(PROBLEM): Please give back each line below unchanged; none of the pictures should appear.

BEGIN PROVIDED RECORDS

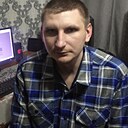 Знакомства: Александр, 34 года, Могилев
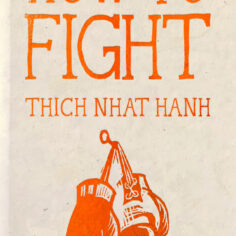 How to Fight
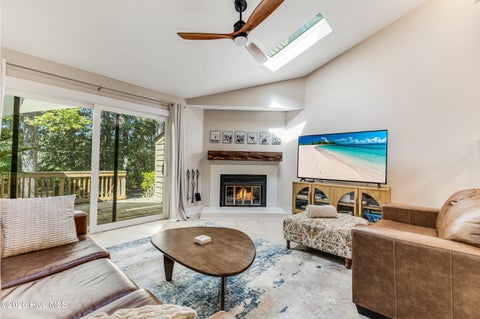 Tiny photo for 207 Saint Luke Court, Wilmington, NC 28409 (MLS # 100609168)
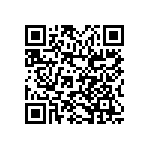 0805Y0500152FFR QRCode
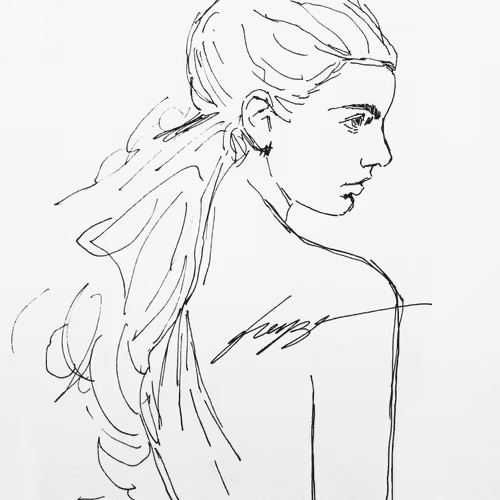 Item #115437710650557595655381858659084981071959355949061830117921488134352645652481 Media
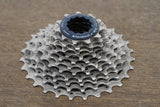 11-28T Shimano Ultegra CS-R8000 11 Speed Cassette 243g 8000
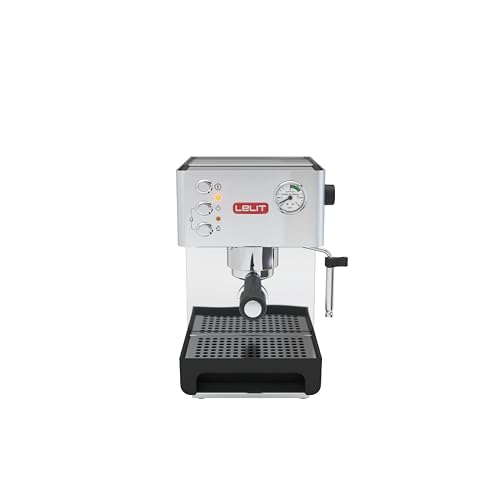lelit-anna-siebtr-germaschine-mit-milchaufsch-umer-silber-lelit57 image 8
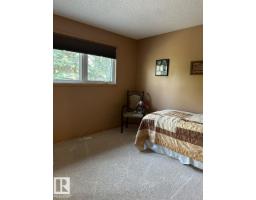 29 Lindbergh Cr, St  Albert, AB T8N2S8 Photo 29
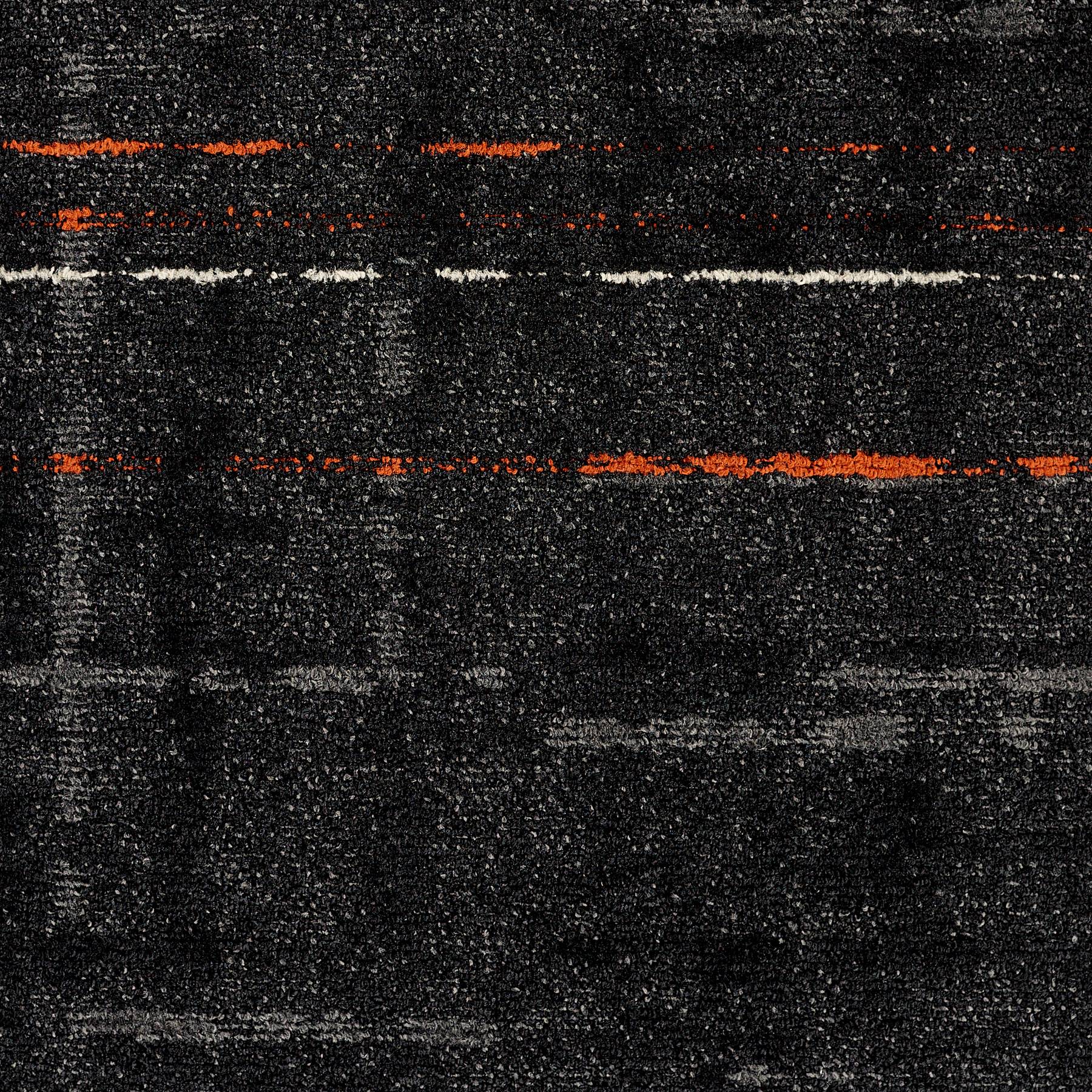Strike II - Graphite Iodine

END PROVIDED RECORDS

(OUTPUT BELOW):
 Знакомства: Александр, 34 года, Могилев
 How to Fight
 Tiny photo for 207 Saint Luke Court, Wilmington, NC 28409 (MLS # 100609168)
 0805Y0500152FFR QRCode
 Item #115437710650557595655381858659084981071959355949061830117921488134352645652481 Media
 11-28T Shimano Ultegra CS-R8000 11 Speed Cassette 243g 8000
lelit-anna-siebtr-germaschine-mit-milchaufsch-umer-silber-lelit57 image 8
 29 Lindbergh Cr, St  Albert, AB T8N2S8 Photo 29
Strike II - Graphite Iodine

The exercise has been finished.